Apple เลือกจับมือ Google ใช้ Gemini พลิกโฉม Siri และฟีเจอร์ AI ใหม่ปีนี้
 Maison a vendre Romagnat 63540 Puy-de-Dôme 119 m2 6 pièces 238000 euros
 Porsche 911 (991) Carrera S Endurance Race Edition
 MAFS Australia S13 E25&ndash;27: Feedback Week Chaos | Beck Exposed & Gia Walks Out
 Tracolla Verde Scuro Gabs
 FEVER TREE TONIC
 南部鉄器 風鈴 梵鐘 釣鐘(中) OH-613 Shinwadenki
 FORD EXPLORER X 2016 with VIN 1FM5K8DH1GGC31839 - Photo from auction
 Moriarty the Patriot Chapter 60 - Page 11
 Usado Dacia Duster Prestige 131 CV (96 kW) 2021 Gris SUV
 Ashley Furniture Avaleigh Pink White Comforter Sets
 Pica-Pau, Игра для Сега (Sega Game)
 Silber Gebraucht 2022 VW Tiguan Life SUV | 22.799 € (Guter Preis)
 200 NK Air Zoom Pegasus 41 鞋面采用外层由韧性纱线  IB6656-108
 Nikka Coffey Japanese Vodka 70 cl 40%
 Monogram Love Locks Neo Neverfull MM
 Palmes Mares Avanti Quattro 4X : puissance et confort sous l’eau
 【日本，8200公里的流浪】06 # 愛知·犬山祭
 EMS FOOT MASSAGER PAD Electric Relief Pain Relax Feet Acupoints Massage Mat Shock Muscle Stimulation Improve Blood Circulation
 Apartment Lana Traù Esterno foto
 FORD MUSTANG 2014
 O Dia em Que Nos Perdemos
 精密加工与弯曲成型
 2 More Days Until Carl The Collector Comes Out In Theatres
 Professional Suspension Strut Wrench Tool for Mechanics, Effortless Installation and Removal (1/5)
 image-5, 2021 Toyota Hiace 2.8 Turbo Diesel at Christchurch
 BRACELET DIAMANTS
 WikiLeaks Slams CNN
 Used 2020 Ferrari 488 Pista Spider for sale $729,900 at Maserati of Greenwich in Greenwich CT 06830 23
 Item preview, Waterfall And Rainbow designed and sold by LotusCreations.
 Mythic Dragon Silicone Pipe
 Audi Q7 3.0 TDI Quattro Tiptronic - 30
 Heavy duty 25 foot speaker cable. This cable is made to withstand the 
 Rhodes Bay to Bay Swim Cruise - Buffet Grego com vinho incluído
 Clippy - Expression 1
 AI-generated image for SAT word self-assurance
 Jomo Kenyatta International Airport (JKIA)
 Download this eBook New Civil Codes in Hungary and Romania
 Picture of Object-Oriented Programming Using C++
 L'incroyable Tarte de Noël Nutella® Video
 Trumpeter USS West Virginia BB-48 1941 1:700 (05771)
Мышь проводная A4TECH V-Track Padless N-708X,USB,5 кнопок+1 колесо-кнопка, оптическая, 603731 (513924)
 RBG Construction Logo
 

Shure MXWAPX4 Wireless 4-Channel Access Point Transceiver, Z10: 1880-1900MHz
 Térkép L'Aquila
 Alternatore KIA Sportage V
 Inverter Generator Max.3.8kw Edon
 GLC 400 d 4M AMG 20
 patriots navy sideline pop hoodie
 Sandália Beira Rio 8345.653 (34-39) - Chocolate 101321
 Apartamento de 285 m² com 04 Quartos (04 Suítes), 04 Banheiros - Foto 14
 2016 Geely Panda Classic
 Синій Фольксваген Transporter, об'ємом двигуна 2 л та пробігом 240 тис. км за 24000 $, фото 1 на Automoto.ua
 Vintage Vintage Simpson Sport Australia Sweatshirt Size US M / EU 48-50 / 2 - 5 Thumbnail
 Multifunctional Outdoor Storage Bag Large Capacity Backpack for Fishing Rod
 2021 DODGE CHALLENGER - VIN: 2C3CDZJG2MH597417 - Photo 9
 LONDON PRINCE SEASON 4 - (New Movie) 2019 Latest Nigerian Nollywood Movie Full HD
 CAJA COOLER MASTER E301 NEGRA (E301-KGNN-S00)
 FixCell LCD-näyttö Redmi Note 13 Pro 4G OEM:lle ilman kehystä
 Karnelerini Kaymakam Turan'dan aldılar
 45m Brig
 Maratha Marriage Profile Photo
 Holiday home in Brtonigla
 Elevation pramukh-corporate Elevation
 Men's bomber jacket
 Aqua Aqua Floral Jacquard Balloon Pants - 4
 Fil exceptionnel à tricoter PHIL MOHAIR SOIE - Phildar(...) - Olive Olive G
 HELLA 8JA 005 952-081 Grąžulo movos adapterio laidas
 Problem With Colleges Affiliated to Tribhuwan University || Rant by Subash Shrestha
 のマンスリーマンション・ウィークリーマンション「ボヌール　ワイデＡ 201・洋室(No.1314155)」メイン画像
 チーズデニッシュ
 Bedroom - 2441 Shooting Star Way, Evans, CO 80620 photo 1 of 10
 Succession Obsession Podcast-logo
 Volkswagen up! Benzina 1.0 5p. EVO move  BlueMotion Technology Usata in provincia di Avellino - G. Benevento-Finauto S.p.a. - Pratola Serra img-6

- - -

-- What you will do --
Each line of the records should be transcribed without change.

-- Result of the task --
Apple เลือกจับมือ Google ใช้ Gemini พลิกโฉม Siri และฟีเจอร์ AI ใหม่ปีนี้
 Maison a vendre Romagnat 63540 Puy-de-Dôme 119 m2 6 pièces 238000 euros
 Porsche 911 (991) Carrera S Endurance Race Edition
 MAFS Australia S13 E25&ndash;27: Feedback Week Chaos | Beck Exposed & Gia Walks Out
 Tracolla Verde Scuro Gabs
 FEVER TREE TONIC
 南部鉄器 風鈴 梵鐘 釣鐘(中) OH-613 Shinwadenki
 FORD EXPLORER X 2016 with VIN 1FM5K8DH1GGC31839 - Photo from auction
 Moriarty the Patriot Chapter 60 - Page 11
 Usado Dacia Duster Prestige 131 CV (96 kW) 2021 Gris SUV
 Ashley Furniture Avaleigh Pink White Comforter Sets
 Pica-Pau, Игра для Сега (Sega Game)
 Silber Gebraucht 2022 VW Tiguan Life SUV | 22.799 € (Guter Preis)
 200 NK Air Zoom Pegasus 41 鞋面采用外层由韧性纱线  IB6656-108
 Nikka Coffey Japanese Vodka 70 cl 40%
 Monogram Love Locks Neo Neverfull MM
 Palmes Mares Avanti Quattro 4X : puissance et confort sous l’eau
 【日本，8200公里的流浪】06 # 愛知·犬山祭
 EMS FOOT MASSAGER PAD Electric Relief Pain Relax Feet Acupoints Massage Mat Shock Muscle Stimulation Improve Blood Circulation
 Apartment Lana Traù Esterno foto
 FORD MUSTANG 2014
 O Dia em Que Nos Perdemos
 精密加工与弯曲成型
 2 More Days Until Carl The Collector Comes Out In Theatres
 Professional Suspension Strut Wrench Tool for Mechanics, Effortless Installation and Removal (1/5)
 image-5, 2021 Toyota Hiace 2.8 Turbo Diesel at Christchurch
 BRACELET DIAMANTS
 WikiLeaks Slams CNN
 Used 2020 Ferrari 488 Pista Spider for sale $729,900 at Maserati of Greenwich in Greenwich CT 06830 23
 Item preview, Waterfall And Rainbow designed and sold by LotusCreations.
 Mythic Dragon Silicone Pipe
 Audi Q7 3.0 TDI Quattro Tiptronic - 30
 Heavy duty 25 foot speaker cable. This cable is made to withstand the 
 Rhodes Bay to Bay Swim Cruise - Buffet Grego com vinho incluído
 Clippy - Expression 1
 AI-generated image for SAT word self-assurance
 Jomo Kenyatta International Airport (JKIA)
 Download this eBook New Civil Codes in Hungary and Romania
 Picture of Object-Oriented Programming Using C++
 L'incroyable Tarte de Noël Nutella® Video
 Trumpeter USS West Virginia BB-48 1941 1:700 (05771)
Мышь проводная A4TECH V-Track Padless N-708X,USB,5 кнопок+1 колесо-кнопка, оптическая, 603731 (513924)
 RBG Construction Logo
 

Shure MXWAPX4 Wireless 4-Channel Access Point Transceiver, Z10: 1880-1900MHz
 Térkép L'Aquila
 Alternatore KIA Sportage V
 Inverter Generator Max.3.8kw Edon
 GLC 400 d 4M AMG 20
 patriots navy sideline pop hoodie
 Sandália Beira Rio 8345.653 (34-39) - Chocolate 101321
 Apartamento de 285 m² com 04 Quartos (04 Suítes), 04 Banheiros - Foto 14
 2016 Geely Panda Classic
 Синій Фольксваген Transporter, об'ємом двигуна 2 л та пробігом 240 тис. км за 24000 $, фото 1 на Automoto.ua
 Vintage Vintage Simpson Sport Australia Sweatshirt Size US M / EU 48-50 / 2 - 5 Thumbnail
 Multifunctional Outdoor Storage Bag Large Capacity Backpack for Fishing Rod
 2021 DODGE CHALLENGER - VIN: 2C3CDZJG2MH597417 - Photo 9
 LONDON PRINCE SEASON 4 - (New Movie) 2019 Latest Nigerian Nollywood Movie Full HD
 CAJA COOLER MASTER E301 NEGRA (E301-KGNN-S00)
 FixCell LCD-näyttö Redmi Note 13 Pro 4G OEM:lle ilman kehystä
 Karnelerini Kaymakam Turan'dan aldılar
 45m Brig
 Maratha Marriage Profile Photo
 Holiday home in Brtonigla
 Elevation pramukh-corporate Elevation
 Men's bomber jacket
 Aqua Aqua Floral Jacquard Balloon Pants - 4
 Fil exceptionnel à tricoter PHIL MOHAIR SOIE - Phildar(...) - Olive Olive G
 HELLA 8JA 005 952-081 Grąžulo movos adapterio laidas
 Problem With Colleges Affiliated to Tribhuwan University || Rant by Subash Shrestha
 のマンスリーマンション・ウィークリーマンション「ボヌール　ワイデＡ 201・洋室(No.1314155)」メイン画像
 チーズデニッシュ
 Bedroom - 2441 Shooting Star Way, Evans, CO 80620 photo 1 of 10
 Succession Obsession Podcast-logo
 Volkswagen up! Benzina 1.0 5p. EVO move  BlueMotion Technology Usata in provincia di Avellino - G. Benevento-Finauto S.p.a. - Pratola Serra img-6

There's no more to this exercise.